Work item: Nothing but an exact copy of the listing should be given.

Provided data:
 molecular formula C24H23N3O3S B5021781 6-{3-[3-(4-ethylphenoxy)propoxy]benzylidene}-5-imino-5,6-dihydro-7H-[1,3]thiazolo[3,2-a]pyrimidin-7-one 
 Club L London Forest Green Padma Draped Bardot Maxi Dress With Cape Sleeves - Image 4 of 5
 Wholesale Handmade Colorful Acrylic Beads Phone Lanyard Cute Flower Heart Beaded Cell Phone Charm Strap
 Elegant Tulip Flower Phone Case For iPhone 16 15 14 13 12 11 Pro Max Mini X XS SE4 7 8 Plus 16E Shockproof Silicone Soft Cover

Response below:
 molecular formula C24H23N3O3S B5021781 6-{3-[3-(4-ethylphenoxy)propoxy]benzylidene}-5-imino-5,6-dihydro-7H-[1,3]thiazolo[3,2-a]pyrimidin-7-one 
 Club L London Forest Green Padma Draped Bardot Maxi Dress With Cape Sleeves - Image 4 of 5
 Wholesale Handmade Colorful Acrylic Beads Phone Lanyard Cute Flower Heart Beaded Cell Phone Charm Strap
 Elegant Tulip Flower Phone Case For iPhone 16 15 14 13 12 11 Pro Max Mini X XS SE4 7 8 Plus 16E Shockproof Silicone Soft Cover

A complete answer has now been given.